Work item — Look through the listing below for the line containing "Cordones led". Copy it and each line after it up to and including the line containing "Mieszkanie 2-pokojowe Szczecinek, ul.", exactly, leaving out pictures.

[Opening Dataset excerpts section]

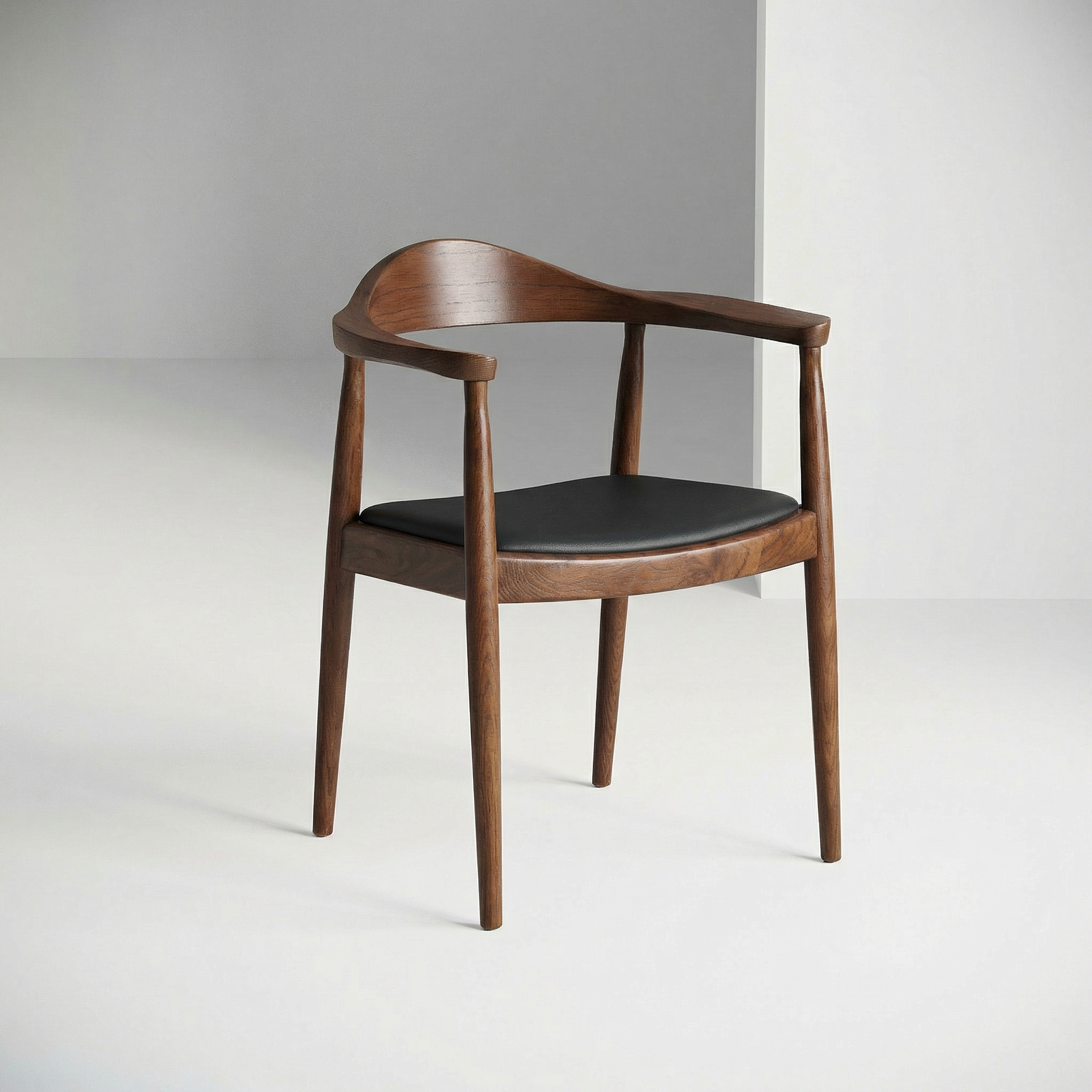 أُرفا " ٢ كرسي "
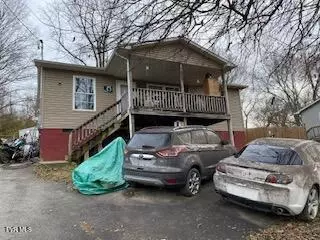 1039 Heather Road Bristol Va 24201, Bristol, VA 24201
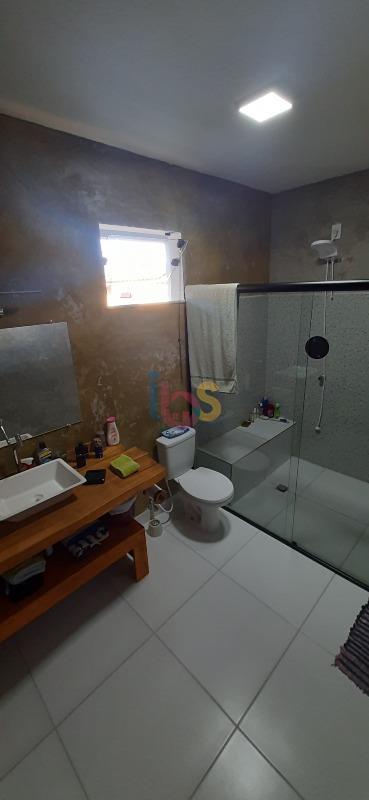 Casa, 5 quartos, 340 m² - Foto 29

[Closing Dataset excerpts section]
[Opening Dataset excerpts section]

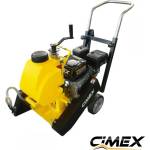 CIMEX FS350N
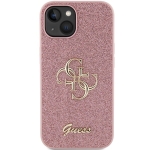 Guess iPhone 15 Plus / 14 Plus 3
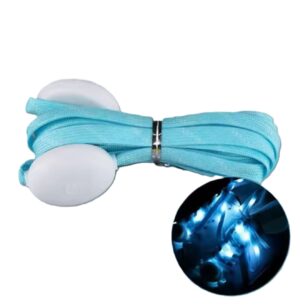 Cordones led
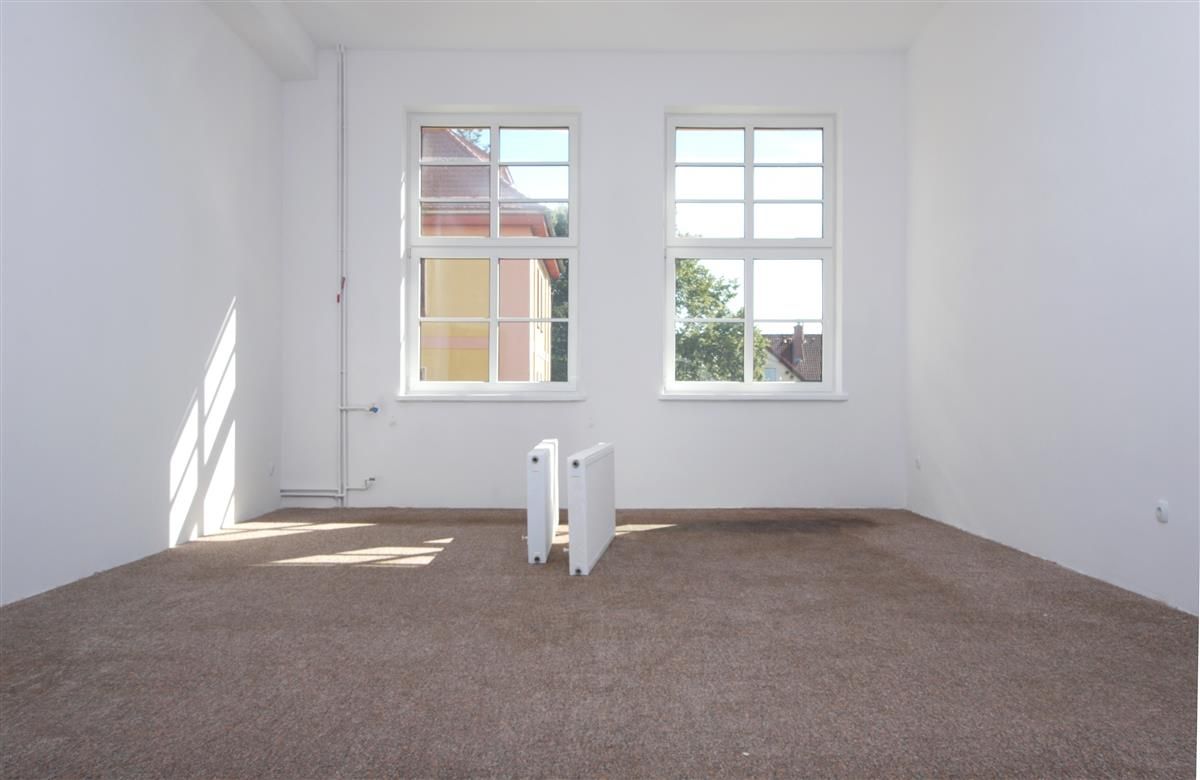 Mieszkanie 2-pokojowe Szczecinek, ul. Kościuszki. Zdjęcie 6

[Closing Dataset excerpts section]

Solution for this task —
 Cordones led
 Mieszkanie 2-pokojowe Szczecinek, ul. Kościuszki. Zdjęcie 6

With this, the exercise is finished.